After months of delays, former Bosnian Serb leader Radovan Karadzic has finally taken the stand in the Hague to begin his defence against charges of war crimes and genocide.
Recognisable with his familiar shock of grey hair, Karadzic outlined his case in a typically outspoken fashion:
“I won’t say that I didn’t occupy an important post while I was serving my people nor will I shift the blame onto someone else. I will defend that nation of ours and their cause, which is just and holy.”
Karadzic faces 11 charges, including two of genocide, over the 1992-95 Bosnian war.

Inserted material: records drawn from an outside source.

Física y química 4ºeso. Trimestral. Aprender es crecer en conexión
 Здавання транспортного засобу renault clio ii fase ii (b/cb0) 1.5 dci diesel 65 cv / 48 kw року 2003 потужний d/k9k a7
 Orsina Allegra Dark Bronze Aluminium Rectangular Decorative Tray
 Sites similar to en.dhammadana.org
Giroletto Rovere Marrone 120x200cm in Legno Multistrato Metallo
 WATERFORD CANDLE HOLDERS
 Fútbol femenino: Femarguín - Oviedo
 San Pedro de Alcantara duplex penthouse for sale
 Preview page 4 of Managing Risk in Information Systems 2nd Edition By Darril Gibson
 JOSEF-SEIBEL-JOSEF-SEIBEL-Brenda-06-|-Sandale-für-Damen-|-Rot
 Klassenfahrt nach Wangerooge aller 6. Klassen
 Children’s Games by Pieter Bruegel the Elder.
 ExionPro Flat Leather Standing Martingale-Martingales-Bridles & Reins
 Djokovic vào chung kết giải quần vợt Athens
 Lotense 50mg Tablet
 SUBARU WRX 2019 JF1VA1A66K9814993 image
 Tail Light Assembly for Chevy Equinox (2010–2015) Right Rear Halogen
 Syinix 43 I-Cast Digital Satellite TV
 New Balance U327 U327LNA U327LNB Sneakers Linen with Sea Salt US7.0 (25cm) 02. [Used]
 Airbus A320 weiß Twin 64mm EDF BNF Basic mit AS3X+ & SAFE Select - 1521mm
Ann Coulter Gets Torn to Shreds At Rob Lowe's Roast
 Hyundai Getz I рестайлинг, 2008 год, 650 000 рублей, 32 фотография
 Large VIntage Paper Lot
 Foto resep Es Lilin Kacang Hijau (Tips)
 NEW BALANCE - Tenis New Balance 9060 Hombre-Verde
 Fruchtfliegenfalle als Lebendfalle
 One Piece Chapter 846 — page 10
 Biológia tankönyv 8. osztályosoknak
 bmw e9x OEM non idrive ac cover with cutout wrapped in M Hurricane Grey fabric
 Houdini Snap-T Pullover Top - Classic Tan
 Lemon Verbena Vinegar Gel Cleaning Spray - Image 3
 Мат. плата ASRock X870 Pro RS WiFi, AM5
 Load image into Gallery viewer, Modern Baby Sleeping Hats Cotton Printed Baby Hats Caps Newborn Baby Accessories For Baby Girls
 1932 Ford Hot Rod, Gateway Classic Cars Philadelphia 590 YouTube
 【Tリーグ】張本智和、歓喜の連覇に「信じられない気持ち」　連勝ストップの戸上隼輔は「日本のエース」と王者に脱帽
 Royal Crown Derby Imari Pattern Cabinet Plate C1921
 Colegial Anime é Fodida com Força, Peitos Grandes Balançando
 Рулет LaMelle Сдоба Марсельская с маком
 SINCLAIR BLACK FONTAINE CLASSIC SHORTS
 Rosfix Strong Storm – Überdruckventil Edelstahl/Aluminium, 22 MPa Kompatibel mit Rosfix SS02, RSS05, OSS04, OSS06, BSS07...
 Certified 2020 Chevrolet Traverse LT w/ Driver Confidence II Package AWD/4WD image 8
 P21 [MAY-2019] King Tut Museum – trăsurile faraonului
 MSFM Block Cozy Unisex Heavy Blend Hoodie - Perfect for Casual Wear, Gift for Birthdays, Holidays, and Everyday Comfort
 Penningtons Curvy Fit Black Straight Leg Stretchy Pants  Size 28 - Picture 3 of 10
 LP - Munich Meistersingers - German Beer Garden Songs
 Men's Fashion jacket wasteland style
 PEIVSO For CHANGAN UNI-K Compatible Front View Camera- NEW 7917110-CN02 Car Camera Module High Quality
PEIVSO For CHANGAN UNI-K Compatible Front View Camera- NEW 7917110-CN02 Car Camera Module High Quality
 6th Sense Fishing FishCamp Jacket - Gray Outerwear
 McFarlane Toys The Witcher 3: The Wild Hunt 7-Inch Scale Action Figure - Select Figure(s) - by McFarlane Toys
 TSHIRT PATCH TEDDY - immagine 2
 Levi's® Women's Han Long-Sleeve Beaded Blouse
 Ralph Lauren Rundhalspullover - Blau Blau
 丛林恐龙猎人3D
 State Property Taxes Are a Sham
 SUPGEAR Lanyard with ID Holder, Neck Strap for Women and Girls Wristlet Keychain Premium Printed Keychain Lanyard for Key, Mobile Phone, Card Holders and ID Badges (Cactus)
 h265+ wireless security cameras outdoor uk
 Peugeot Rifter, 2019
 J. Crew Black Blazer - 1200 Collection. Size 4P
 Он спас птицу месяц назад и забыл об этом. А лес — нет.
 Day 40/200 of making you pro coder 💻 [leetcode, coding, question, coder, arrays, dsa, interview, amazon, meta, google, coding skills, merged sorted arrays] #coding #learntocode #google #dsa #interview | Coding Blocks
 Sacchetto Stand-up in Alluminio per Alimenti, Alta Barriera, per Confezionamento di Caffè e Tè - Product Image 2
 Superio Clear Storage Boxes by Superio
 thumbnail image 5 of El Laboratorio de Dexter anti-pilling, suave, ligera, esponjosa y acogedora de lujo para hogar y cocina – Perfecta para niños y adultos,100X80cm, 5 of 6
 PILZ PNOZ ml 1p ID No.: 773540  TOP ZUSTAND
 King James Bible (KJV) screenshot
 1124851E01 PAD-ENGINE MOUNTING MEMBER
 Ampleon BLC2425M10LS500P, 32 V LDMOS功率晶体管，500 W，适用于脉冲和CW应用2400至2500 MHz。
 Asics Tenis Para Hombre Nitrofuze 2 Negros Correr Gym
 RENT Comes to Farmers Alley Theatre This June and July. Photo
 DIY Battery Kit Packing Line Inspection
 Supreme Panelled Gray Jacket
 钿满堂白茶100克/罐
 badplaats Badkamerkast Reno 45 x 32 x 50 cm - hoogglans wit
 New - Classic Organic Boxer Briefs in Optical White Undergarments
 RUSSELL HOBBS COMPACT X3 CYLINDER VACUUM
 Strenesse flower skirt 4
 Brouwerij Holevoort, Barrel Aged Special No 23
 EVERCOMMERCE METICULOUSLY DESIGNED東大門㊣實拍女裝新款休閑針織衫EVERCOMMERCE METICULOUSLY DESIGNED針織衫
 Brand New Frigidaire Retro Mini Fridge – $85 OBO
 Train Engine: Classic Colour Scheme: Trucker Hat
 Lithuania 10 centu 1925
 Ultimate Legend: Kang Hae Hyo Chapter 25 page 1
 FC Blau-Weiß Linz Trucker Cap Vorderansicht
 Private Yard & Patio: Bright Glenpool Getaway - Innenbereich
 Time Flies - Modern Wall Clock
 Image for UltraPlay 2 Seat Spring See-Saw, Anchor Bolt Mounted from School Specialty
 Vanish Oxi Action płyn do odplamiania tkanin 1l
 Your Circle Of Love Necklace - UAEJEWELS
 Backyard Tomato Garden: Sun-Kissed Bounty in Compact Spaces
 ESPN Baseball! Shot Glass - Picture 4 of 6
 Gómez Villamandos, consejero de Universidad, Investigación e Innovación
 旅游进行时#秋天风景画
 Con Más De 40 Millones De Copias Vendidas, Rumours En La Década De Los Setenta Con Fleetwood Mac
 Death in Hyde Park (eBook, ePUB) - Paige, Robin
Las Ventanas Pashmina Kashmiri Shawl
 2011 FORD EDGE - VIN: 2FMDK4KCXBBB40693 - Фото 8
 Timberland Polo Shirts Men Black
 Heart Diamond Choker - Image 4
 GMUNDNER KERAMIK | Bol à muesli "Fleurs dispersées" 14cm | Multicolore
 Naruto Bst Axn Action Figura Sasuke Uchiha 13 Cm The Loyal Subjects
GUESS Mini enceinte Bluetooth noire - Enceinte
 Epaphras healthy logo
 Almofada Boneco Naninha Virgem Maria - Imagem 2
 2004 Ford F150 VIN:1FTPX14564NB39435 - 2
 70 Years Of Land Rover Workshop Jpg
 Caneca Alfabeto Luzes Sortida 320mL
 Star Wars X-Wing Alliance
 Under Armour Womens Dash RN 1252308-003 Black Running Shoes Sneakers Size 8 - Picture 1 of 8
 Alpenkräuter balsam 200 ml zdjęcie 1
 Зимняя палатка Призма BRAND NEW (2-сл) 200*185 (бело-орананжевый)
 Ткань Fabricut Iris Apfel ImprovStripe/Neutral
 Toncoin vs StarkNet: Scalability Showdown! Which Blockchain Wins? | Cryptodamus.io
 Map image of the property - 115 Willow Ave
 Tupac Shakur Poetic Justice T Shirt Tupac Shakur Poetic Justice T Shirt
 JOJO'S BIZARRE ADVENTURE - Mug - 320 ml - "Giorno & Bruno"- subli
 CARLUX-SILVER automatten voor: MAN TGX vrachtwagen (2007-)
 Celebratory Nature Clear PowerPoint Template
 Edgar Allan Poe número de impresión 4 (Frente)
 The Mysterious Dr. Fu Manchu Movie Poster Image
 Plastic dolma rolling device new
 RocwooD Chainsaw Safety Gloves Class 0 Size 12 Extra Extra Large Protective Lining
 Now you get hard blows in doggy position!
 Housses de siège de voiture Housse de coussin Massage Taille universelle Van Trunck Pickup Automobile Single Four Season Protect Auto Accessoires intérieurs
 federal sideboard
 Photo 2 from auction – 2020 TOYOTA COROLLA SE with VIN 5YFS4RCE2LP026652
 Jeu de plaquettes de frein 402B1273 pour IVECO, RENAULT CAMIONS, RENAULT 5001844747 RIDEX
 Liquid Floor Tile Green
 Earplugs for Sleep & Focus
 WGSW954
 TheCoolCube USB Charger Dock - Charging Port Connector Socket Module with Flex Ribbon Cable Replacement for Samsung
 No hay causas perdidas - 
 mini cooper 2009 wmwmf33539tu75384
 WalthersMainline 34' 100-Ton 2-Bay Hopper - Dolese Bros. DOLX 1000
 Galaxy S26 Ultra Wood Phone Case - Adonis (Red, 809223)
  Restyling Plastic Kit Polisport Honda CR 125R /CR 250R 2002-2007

He also seemed to question the court’s impartiality:
“It seems that the prosecution has struck a deal with our wartime enemies – the prosecutor is trying to turn this tribunal into a NATO disciplinary commission.”
Karadzic said the Bosnian Serb action was in self-defence against a Muslim campaign to claim Bosnia during the break-up of Yugoslavia.
One of the crimes he is charged with is organising the massacre of more than 8000 Muslim men and boys in the town of Srebrenica. A group of the victims’ relatives gathered outside the court:
“We hope that the trial will be as short as possible and there will be no repeat of the Milosevic case. We are also hoping that Mladic and Hadzic will face justice. That would be the biggest victory for the world, Bosnia Herzegovina and Europe and it will ease the pain for us, the victims.” said campaigner Munira Subasic, President of the Mothers of Srebrenica and Zepa Association.
Karadzic denies the charges and, as he has not entered a formal plea, the tribunal has registered a not guilty plea on his behalf.